» **Task item**
Reproduce the material below only from the line with "محافظ المنوفية يعقد" to the line with "Продам christian dior b22", both included, keeping each line exact and dropping the pictures.

────────────────

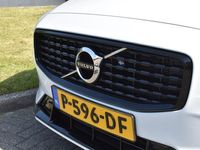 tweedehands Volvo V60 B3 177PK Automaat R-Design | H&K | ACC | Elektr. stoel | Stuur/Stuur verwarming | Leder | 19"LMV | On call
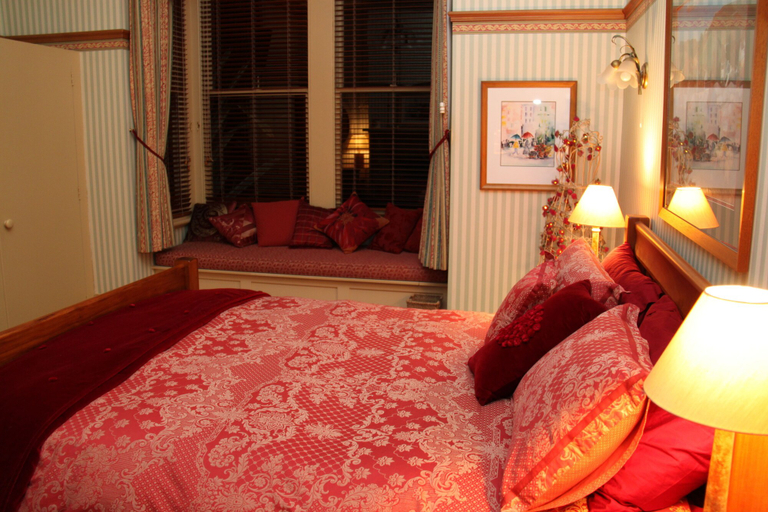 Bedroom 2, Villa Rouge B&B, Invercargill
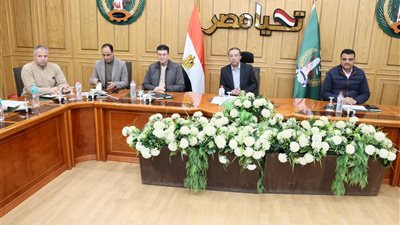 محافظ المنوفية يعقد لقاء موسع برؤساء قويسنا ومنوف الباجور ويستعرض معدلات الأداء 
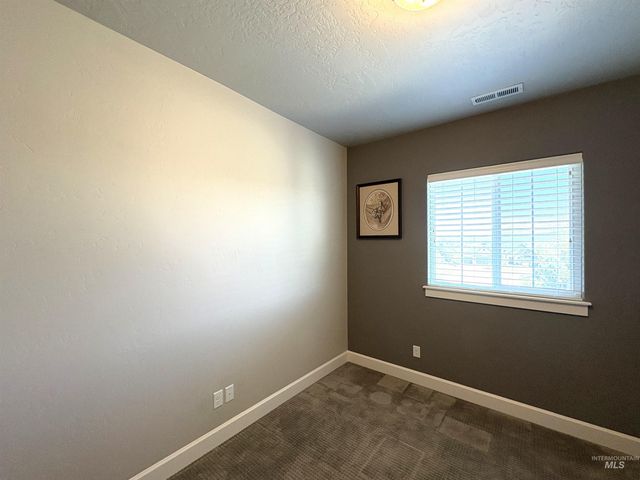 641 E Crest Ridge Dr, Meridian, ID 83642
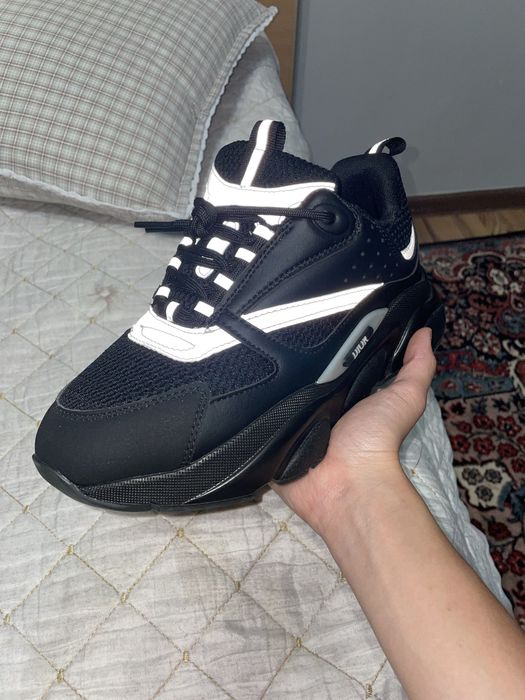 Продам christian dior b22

────────────────

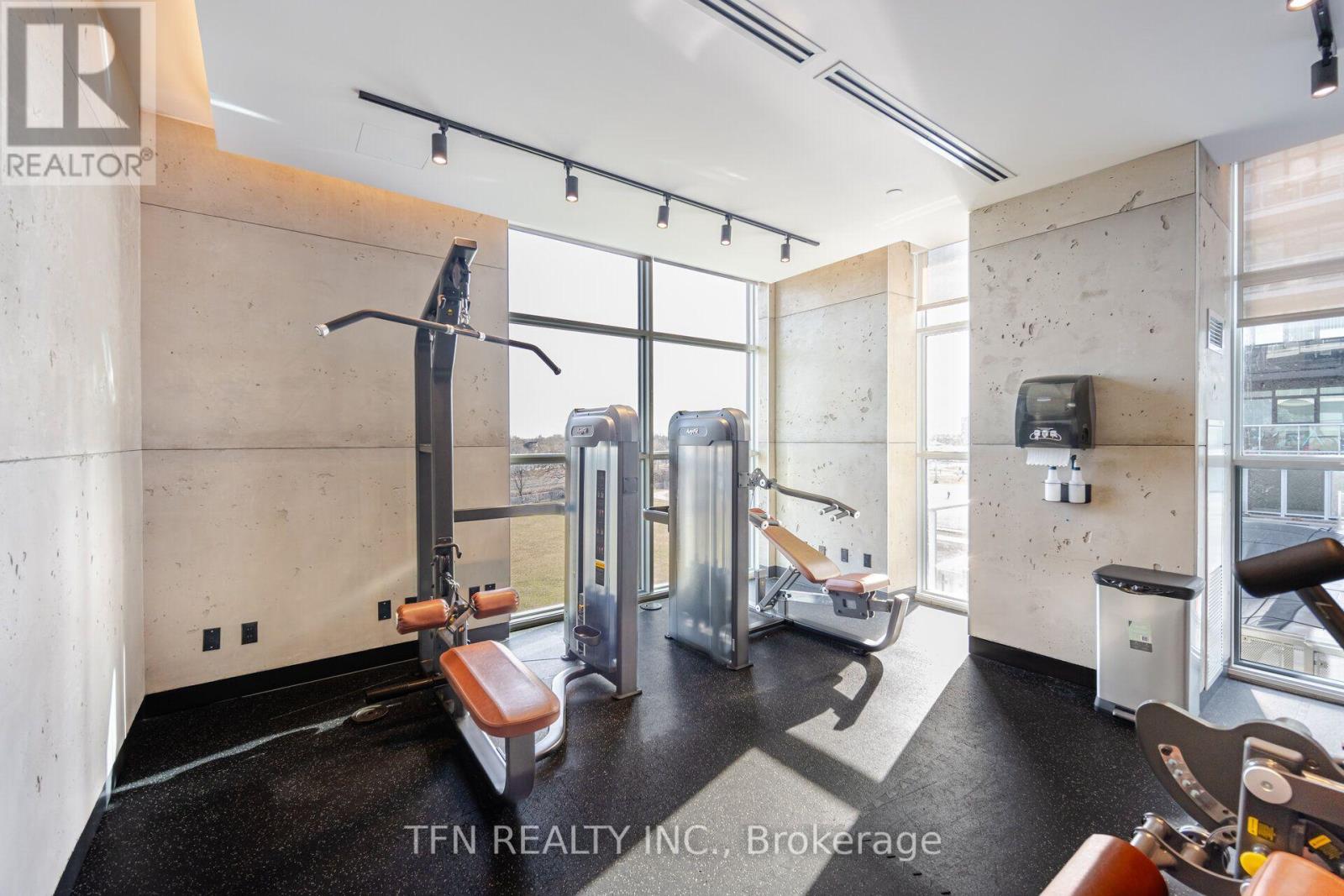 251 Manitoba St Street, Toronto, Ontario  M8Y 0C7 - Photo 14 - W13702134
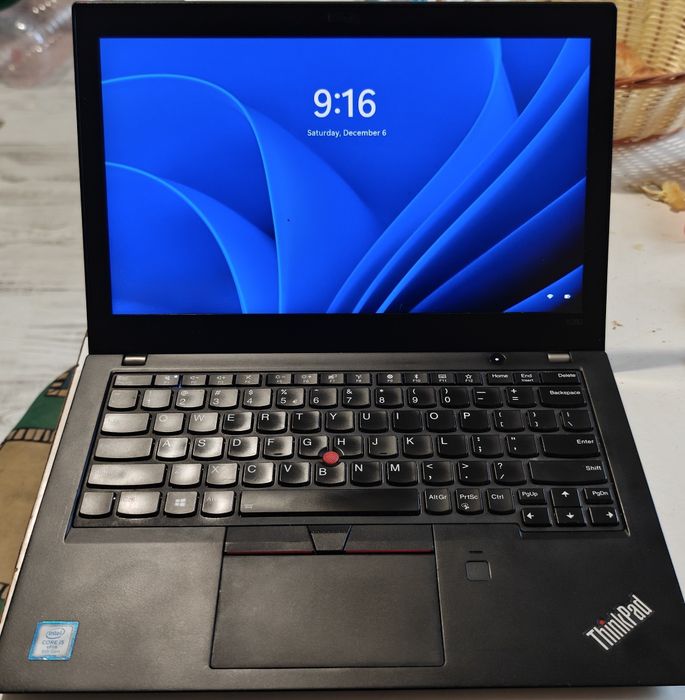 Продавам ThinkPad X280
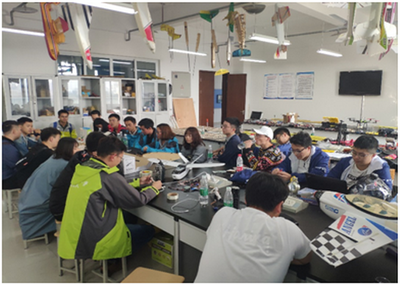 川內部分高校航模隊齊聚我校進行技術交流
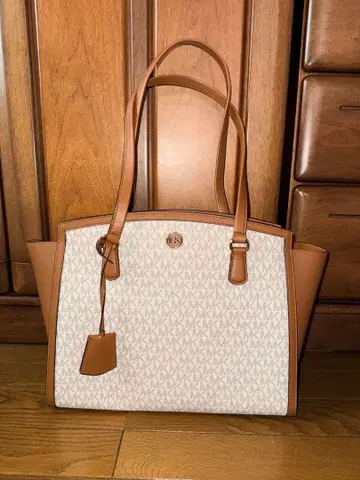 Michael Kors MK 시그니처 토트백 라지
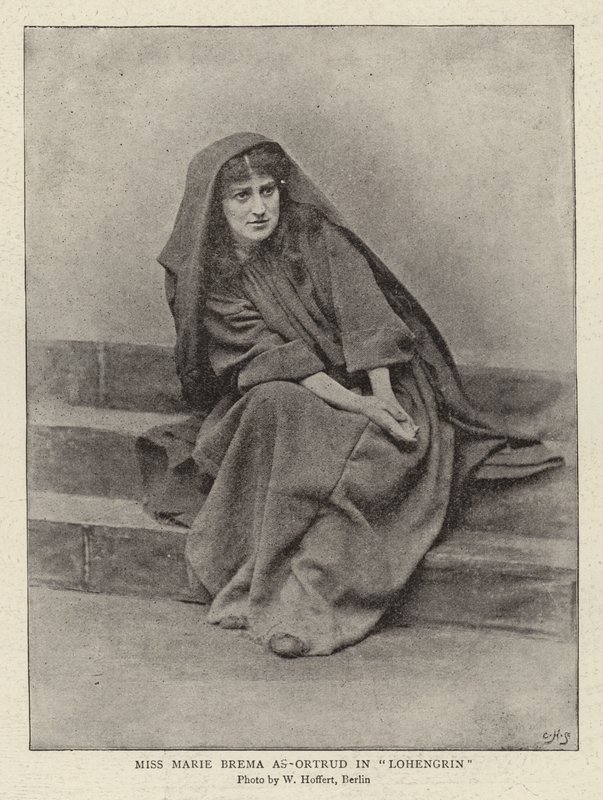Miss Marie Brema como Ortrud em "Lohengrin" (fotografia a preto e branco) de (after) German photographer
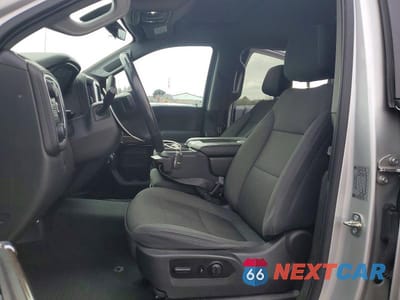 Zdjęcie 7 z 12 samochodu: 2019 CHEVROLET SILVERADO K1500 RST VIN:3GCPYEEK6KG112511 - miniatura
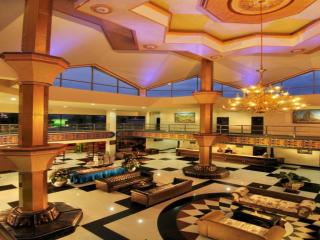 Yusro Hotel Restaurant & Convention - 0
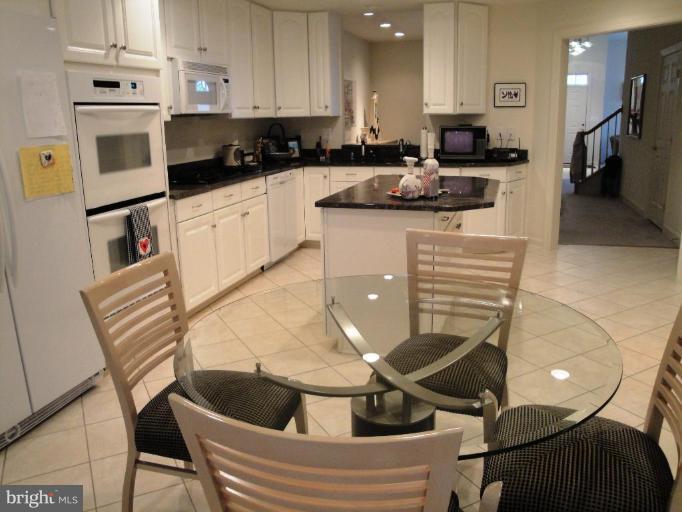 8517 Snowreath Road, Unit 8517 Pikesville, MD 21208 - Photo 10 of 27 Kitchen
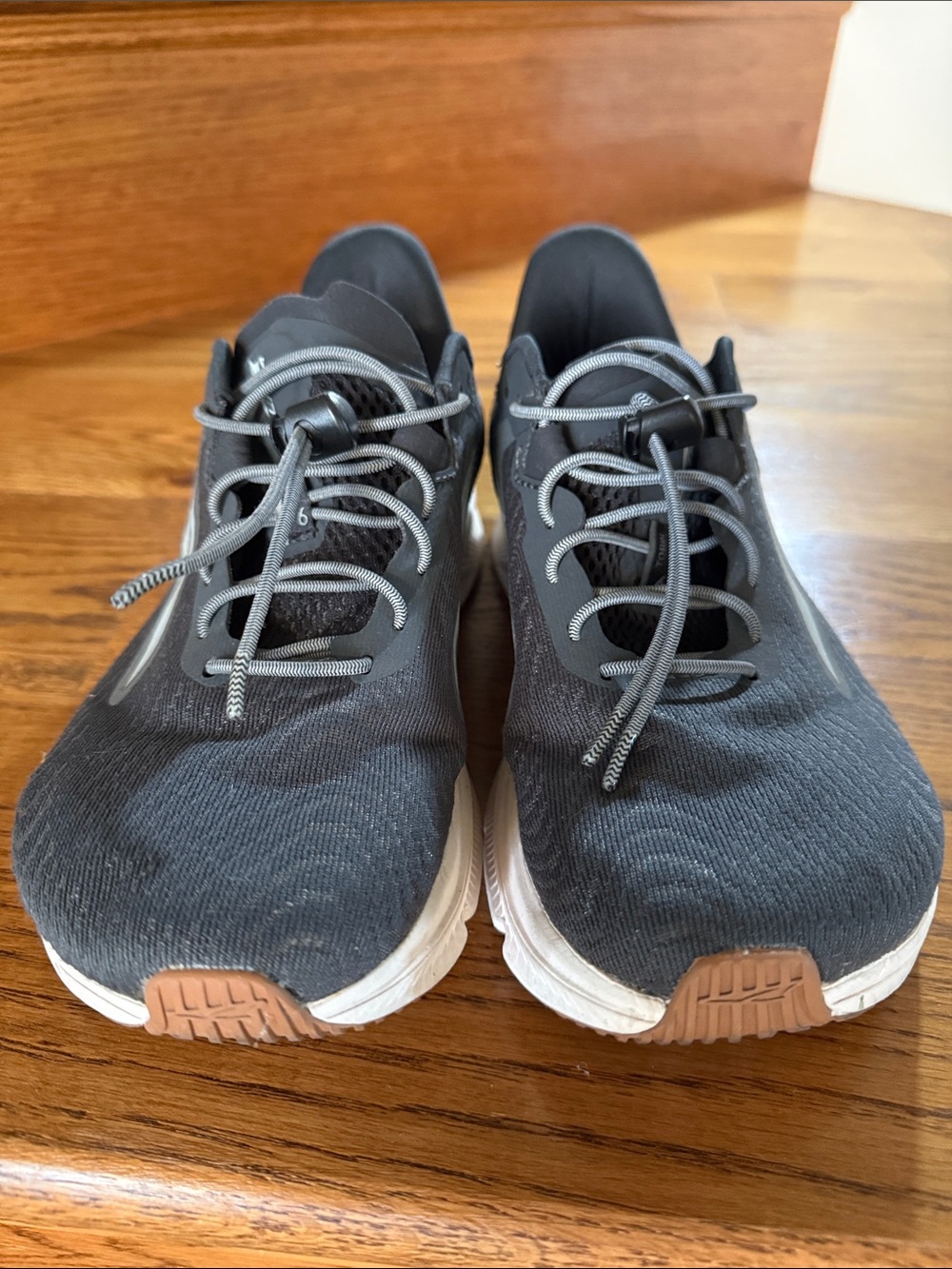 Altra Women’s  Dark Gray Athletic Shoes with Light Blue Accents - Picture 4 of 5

────────────────

» **Answer**
 محافظ المنوفية يعقد لقاء موسع برؤساء قويسنا ومنوف الباجور ويستعرض معدلات الأداء 
 641 E Crest Ridge Dr, Meridian, ID 83642
 Продам christian dior b22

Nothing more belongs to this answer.